All kidding aside, my most sincere congrats to jonrog1.


----------



## Xeriar (Mar 28, 2003)

jonrog1 said:
			
		

> Yes, after a while -- that's the theory of _one_ of the mechanisms which in fact keeps the reversal stable.  The idea is that the normal process has been at least temporarily disrupted.  Not long enough to terminally affect the planet -- but planetary time is a bitch compared to biologic time.  The big old timeclock planet couldn't care if the EM field hinked up for a year.  We, on the other hand, would take whooping like a red-headed stepchild.




Well, I was giving a thought off the top of my head, my knowledge of geology isn't that thorough.



> The nukes are used ... well, you're obviously physics-savvy enough.  Tipping-point theory.  Forget the mathematical term, but the old physics degree is a bit rusty.




I know what you mean, it still seems a rather small amount of explosive, in my opinion (considering the attempt).



> Yeah, I wonder why that is.  Space movies never take this kind of tech heat.  Maybe once you've clean-and-jerked suspension of disbelief for the loss of bone density, etc., everything else is cake.




Well, I ragged on Firefly a bit for having purple lightning in space, arcing, even, though I still love the show  (and hope it will come back *whimper*).

Armageddon was so terrible I don't even prefer to bother.



> Mistype.  I three-finger type (which is weird for a professional screenwriter, I know) and I flip b's and m's all the time.  All my "from"s come out "form"s, too actually, which spellcheck never catches.




I suspected so, sorry for the quip.  You are remarkably well informed on your writing, especially considering what can be said for a certain movie we've named above.



> Ayuh.  But living under one of those "eddies" would be a bitch.  We use colloquialisms for the audience but that's essentially what we say -- although once again, we're going on the assumption this is not a standard-case scenario.




It's what makes a movie, it seems.



> Speaking of junk science ...




There was a creationist getting his masters degree at SDSM&T (my school for awhile).  I'm constantly amazed at how such intelligent people can get... clouded.



> See, why couldn't the previous criticisms of the science been this literate?  Instead I got an idiot living in his mom's basement name-calling.




It's neat in that it seems that weapon would have harnessed entropy itself on a large scale, somehow.  That's like Heisenberg compensators and Warp Drive 

I might be more skepticle if I didn't live through the past ten years.

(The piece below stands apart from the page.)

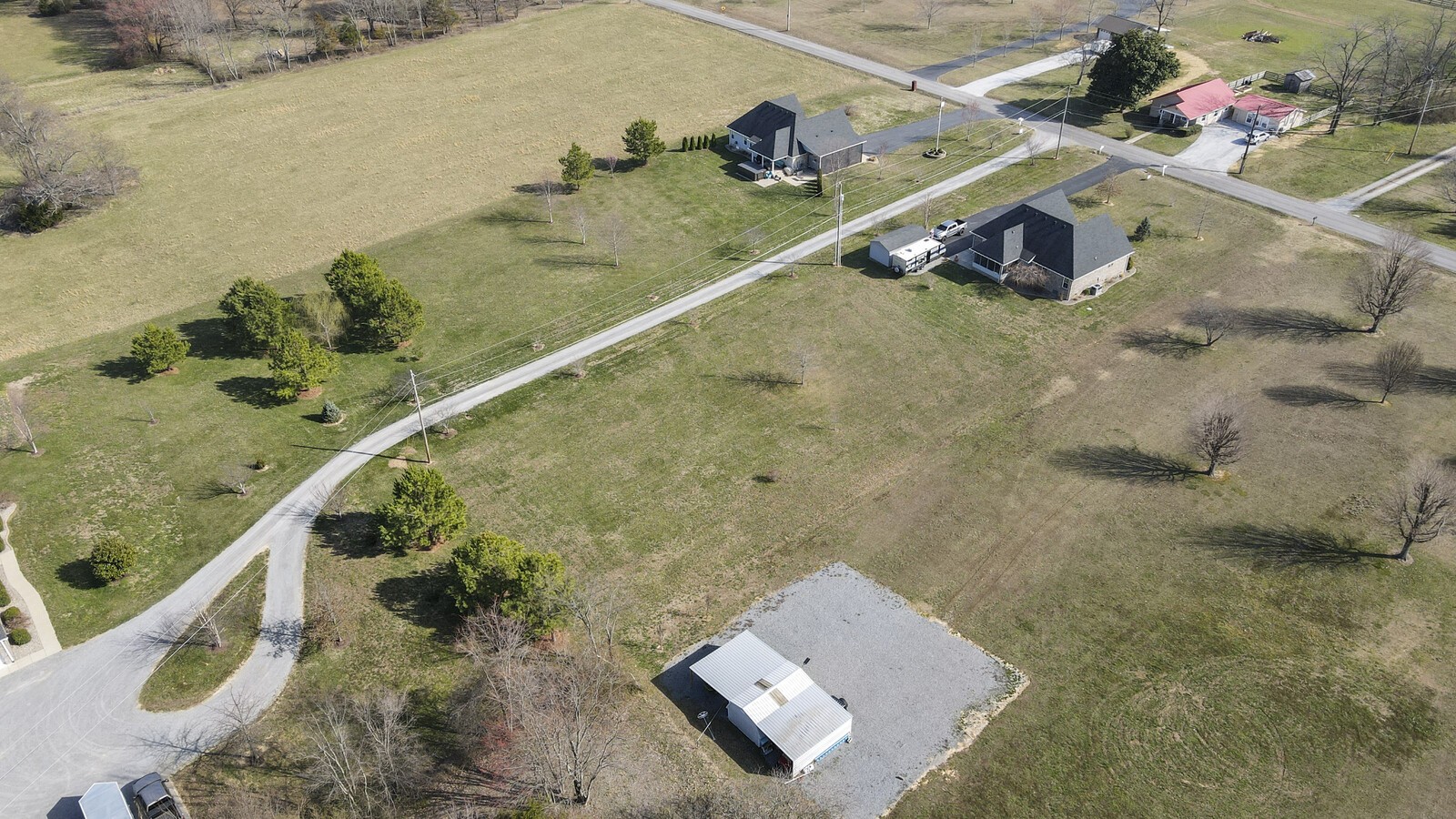 338 N Centerpoint Rd Property Photo 67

> Anyway, right again.  Geologic time isn't a factor here.  Who cares if tectonic instability occurs after we're all dead?
> 
> 
> > You don't know some of the geologists I do, it seems.
> ...


----------



## Fast Learner (Mar 28, 2003)

jonrog, did you catch Hilary Swank on The Daily Show last night? She was extremely positive about the film (well, yeah, she's promoting it), especially pointing out how cool she thought it was that the film was "putting the science back in science fiction."

Of course then she went on to explain how the electromagnetic field around the core of the Earth had stopped spinning. I guess she's not responsible for putting the science back in. 

I saw the film at a test screening here in AZ back in January. I really enjoyed it and definitely thought it was well written, especially the dialog. The actors were all excellent, as well, and the special effects were great.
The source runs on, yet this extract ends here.